▶ ASSIGNMENT: Taking the line with "Used 2019 Jeep Cherokee Limited FWD image 10" as the first and the line with "4796 Vista View Cres" as the last, set down the lines below exactly, pictures excluded.

▶ AVAILABLE RECORDS:

◆ ◆ ◆ ◆

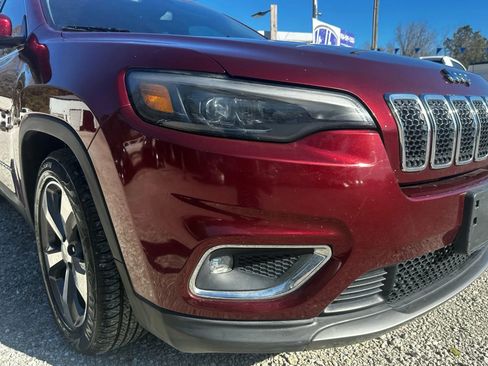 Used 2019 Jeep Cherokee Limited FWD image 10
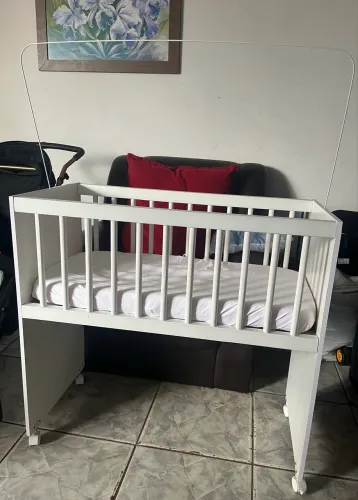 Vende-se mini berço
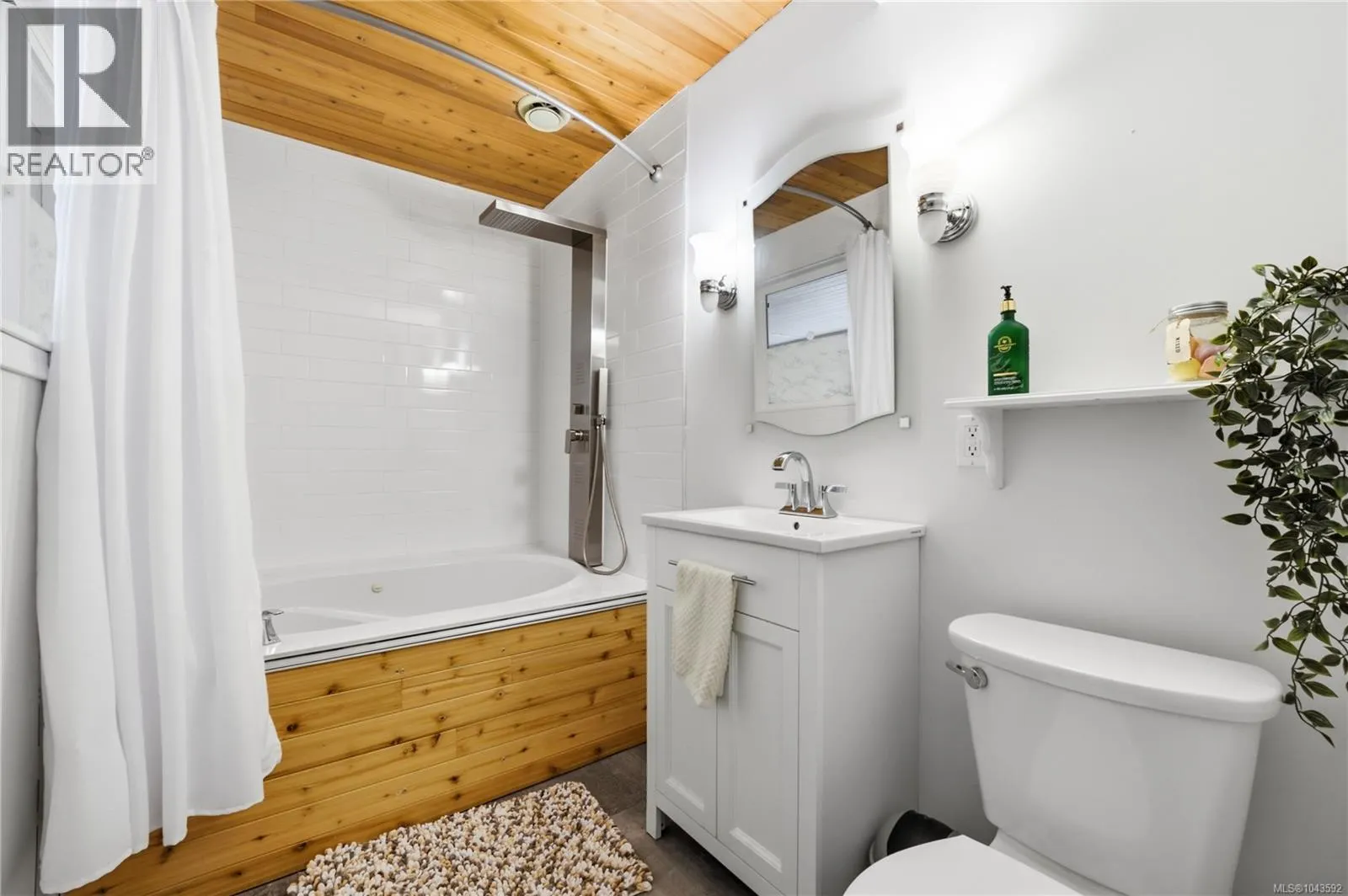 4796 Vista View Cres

◆ ◆ ◆ ◆

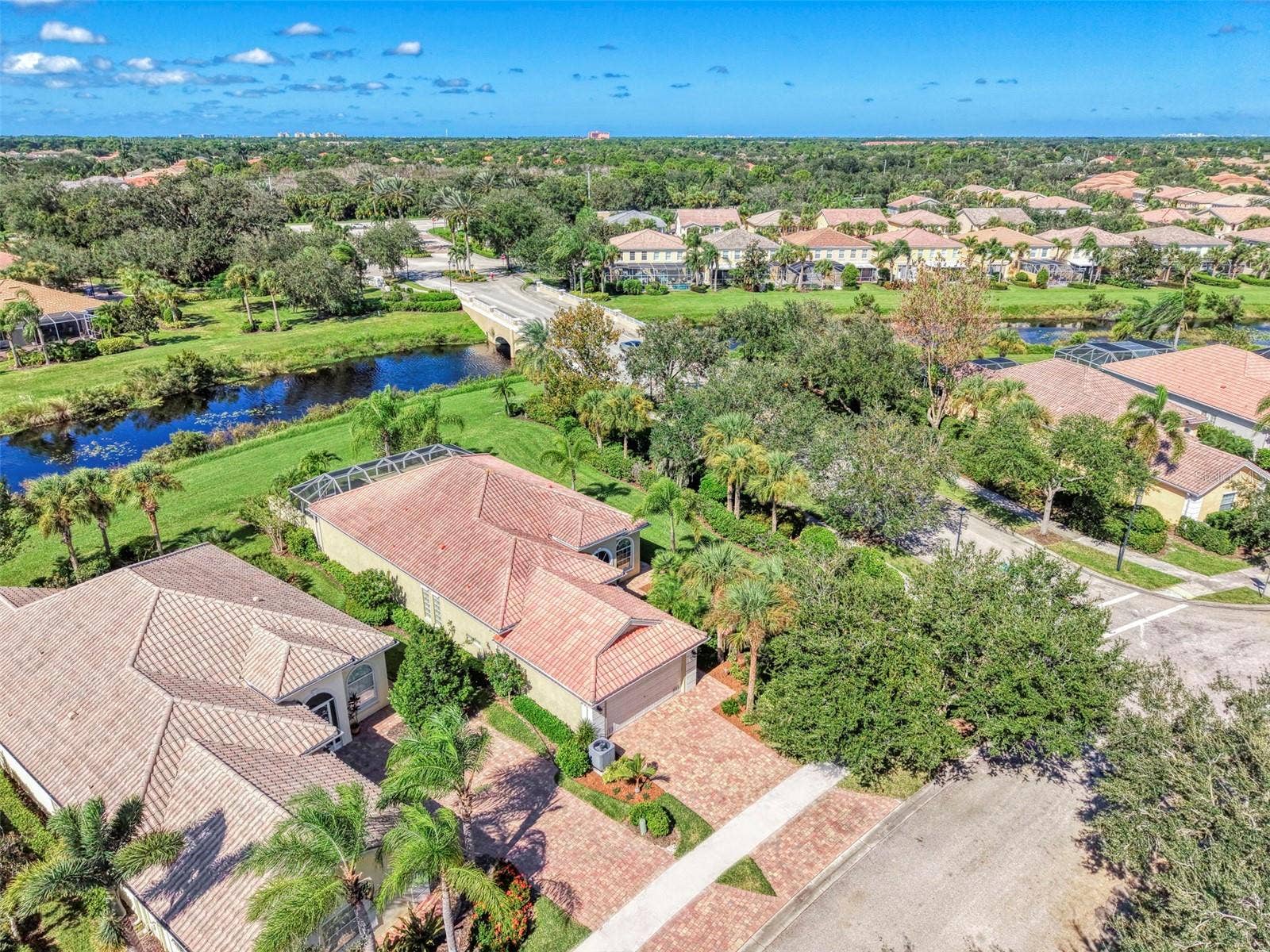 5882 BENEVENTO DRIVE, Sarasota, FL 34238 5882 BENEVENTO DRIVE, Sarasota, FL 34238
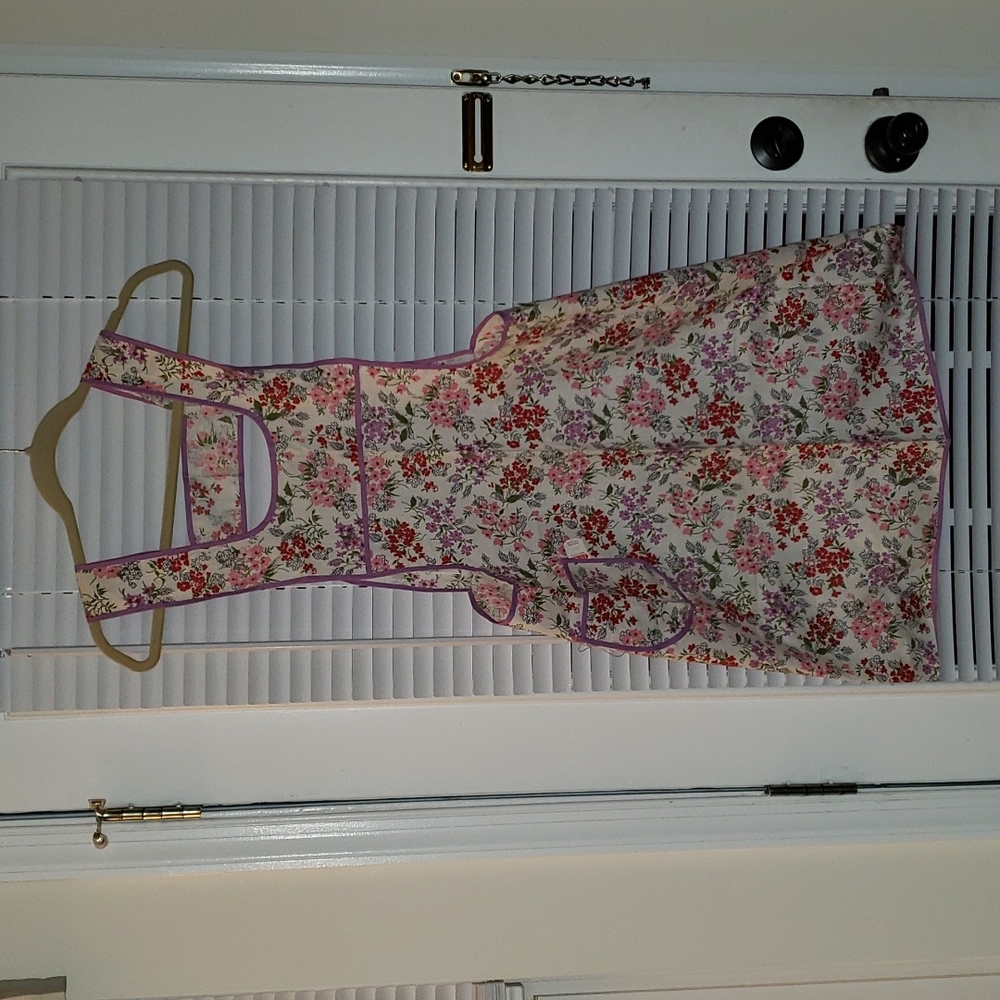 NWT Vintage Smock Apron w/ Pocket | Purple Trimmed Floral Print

◆ ◆ ◆ ◆

▶ SOLUTION BELOW:
 Used 2019 Jeep Cherokee Limited FWD image 10
 Vende-se mini berço
 4796 Vista View Cres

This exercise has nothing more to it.